*Data extracted from a collection:*
┌────────
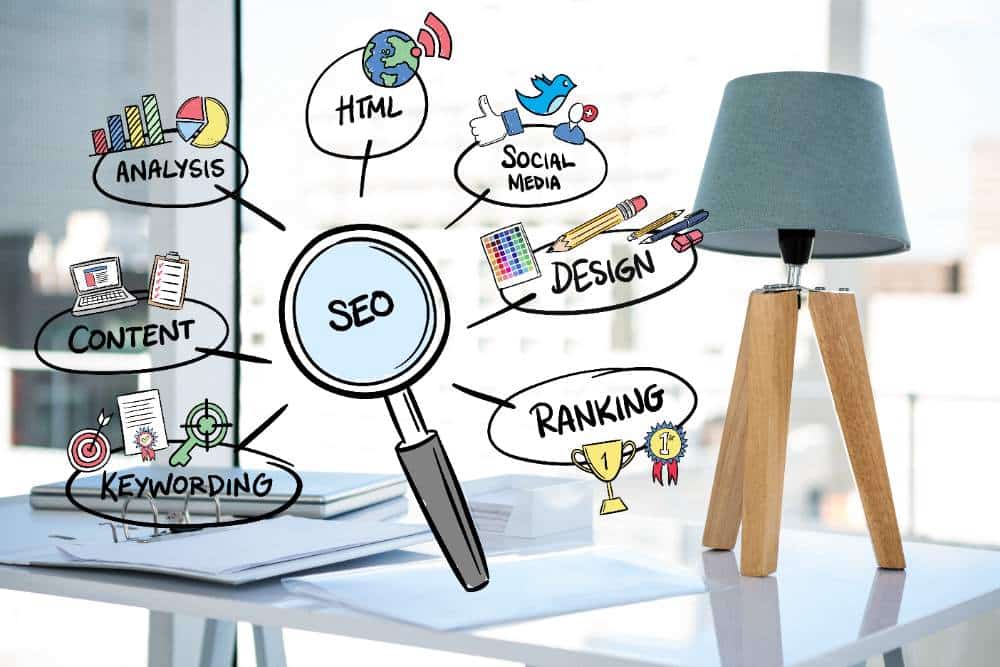 Website SEO Checker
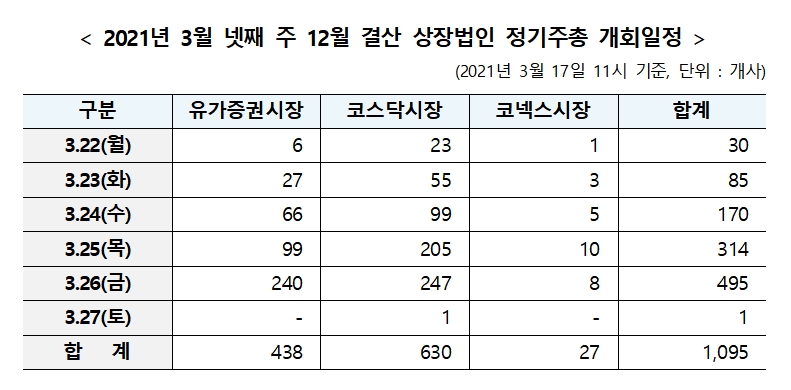 2021년 3월 넷째주 12월 결산법인 정기주총 일정 / 자료= 한국예탁결제원(2021.03.18)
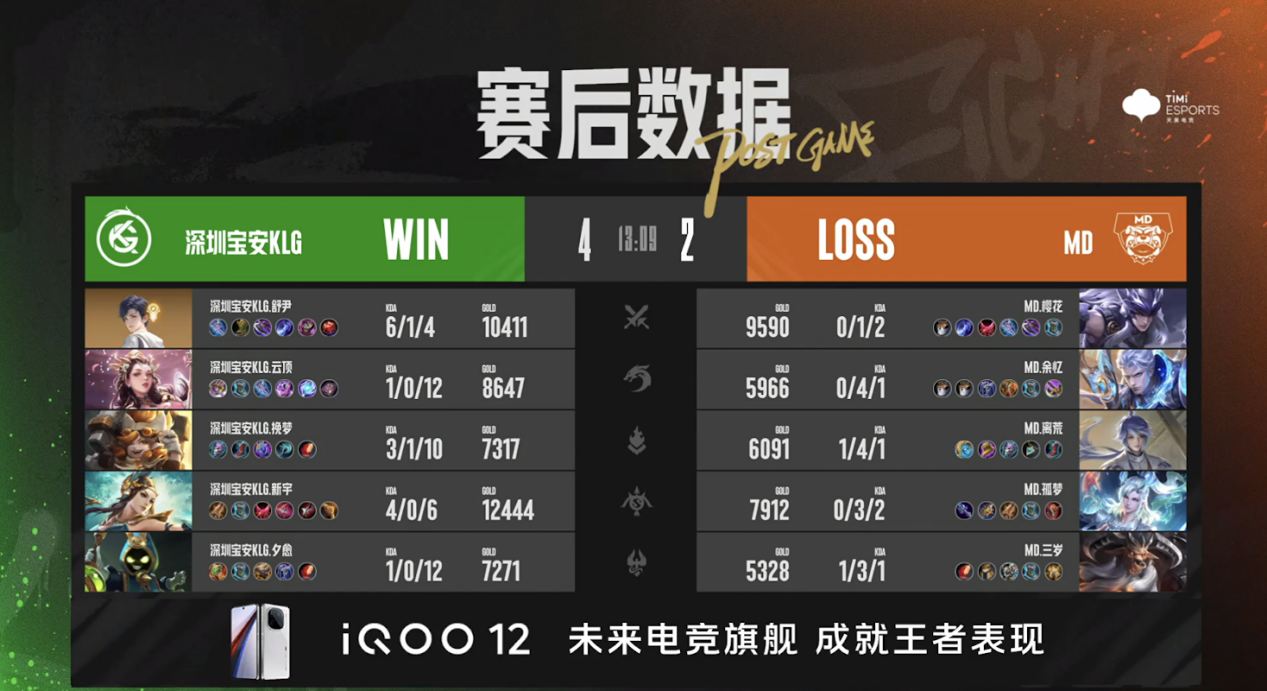 深圳宝安KLG晋级决赛，舒尹元流之坦惊天控制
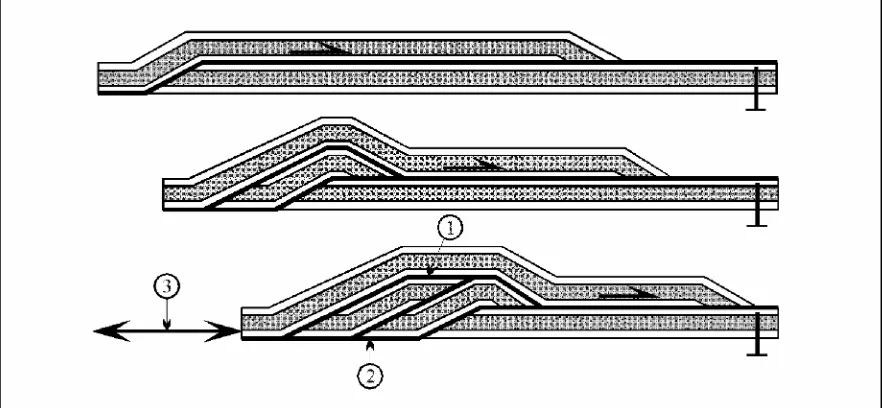 Figura 4.10: Formación de un “duplex”. (1) Falla de techo. (2) Falla de piso. (3)Acortamiento asociado a la formación del “duplex”.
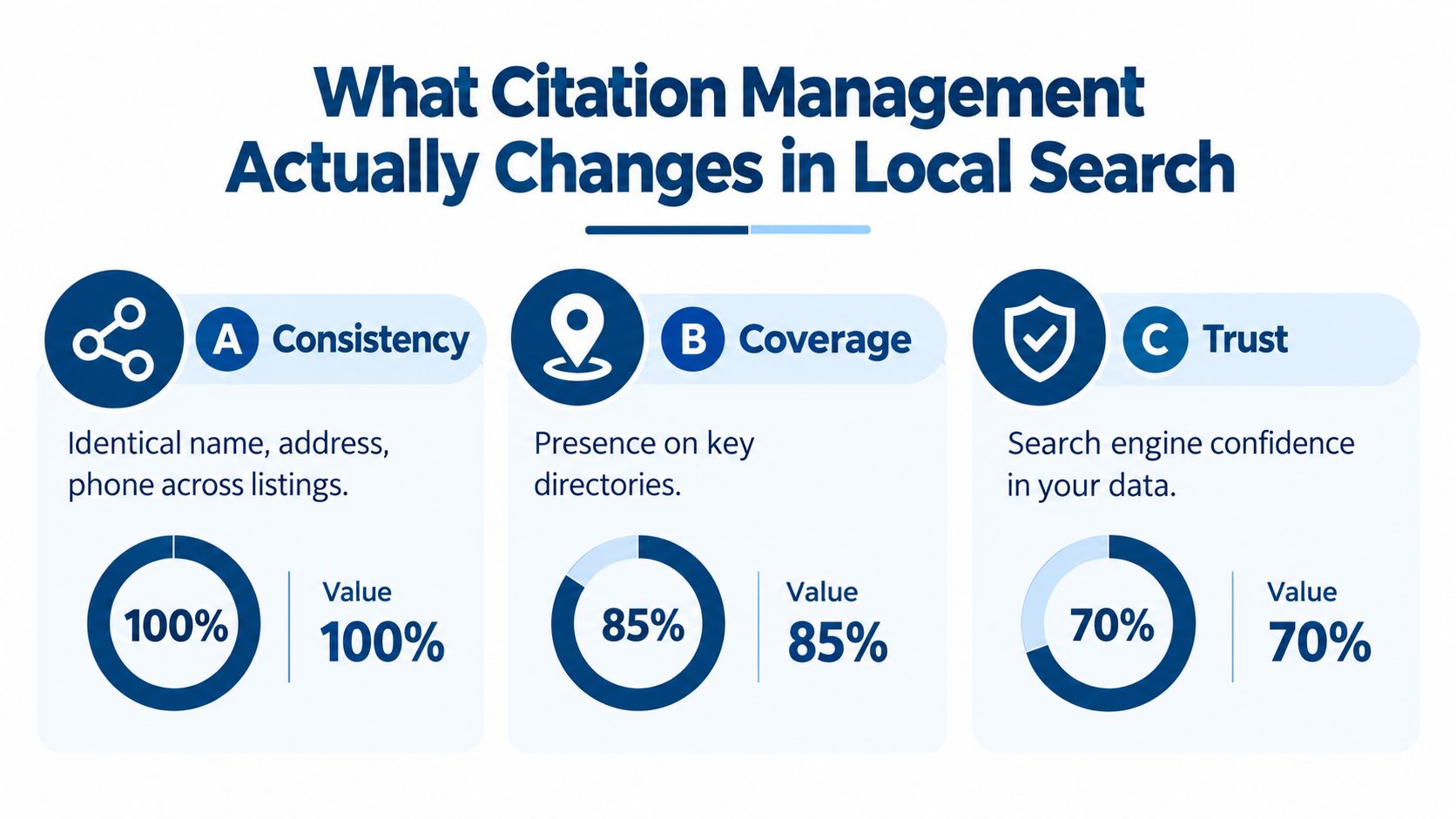 An infographic showing that citation management improves local search via consistency, coverage, and search engine trust.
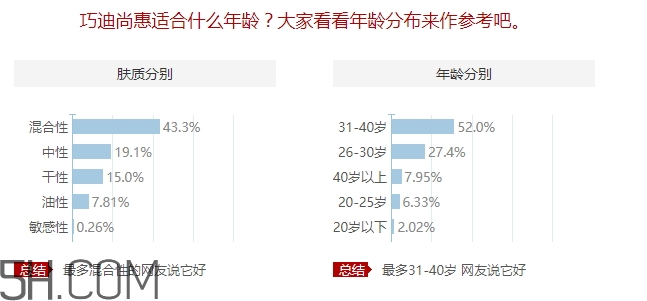 巧迪尚惠適合什么年齡？巧迪尚惠適合年齡段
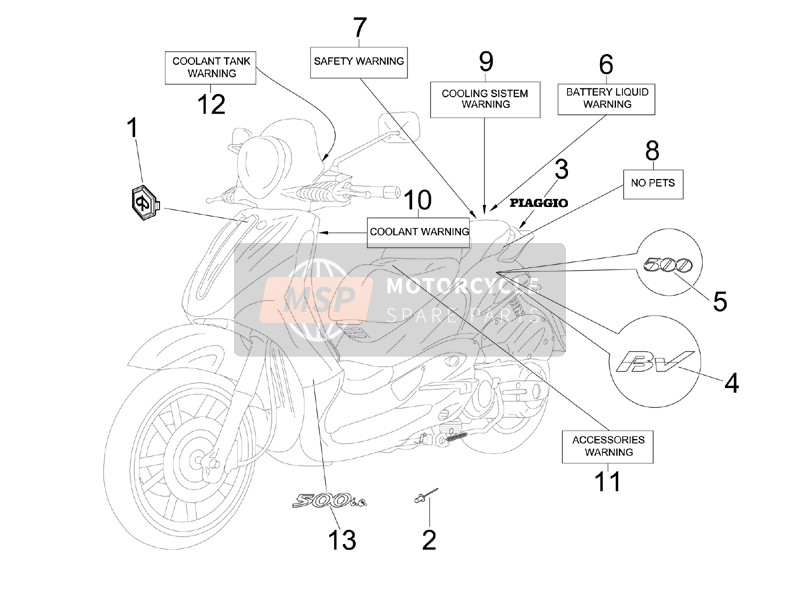 Piaggio BV 500 (USA) 2008 Labels - Emblemen voor een 2008 Piaggio BV 500 (USA)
└────────
*ASSIGNED TASK:* Taking each record in turn, retype it exactly and drop any picture.

*TASK RESPONSE:*
 Website SEO Checker
 2021년 3월 넷째주 12월 결산법인 정기주총 일정 / 자료= 한국예탁결제원(2021.03.18)
 深圳宝安KLG晋级决赛，舒尹元流之坦惊天控制
 Figura 4.10: Formación de un “duplex”. (1) Falla de techo. (2) Falla de piso. (3)Acortamiento asociado a la formación del “duplex”.
 An infographic showing that citation management improves local search via consistency, coverage, and search engine trust.
 巧迪尚惠適合什么年齡？巧迪尚惠適合年齡段
 Piaggio BV 500 (USA) 2008 Labels - Emblemen voor een 2008 Piaggio BV 500 (USA)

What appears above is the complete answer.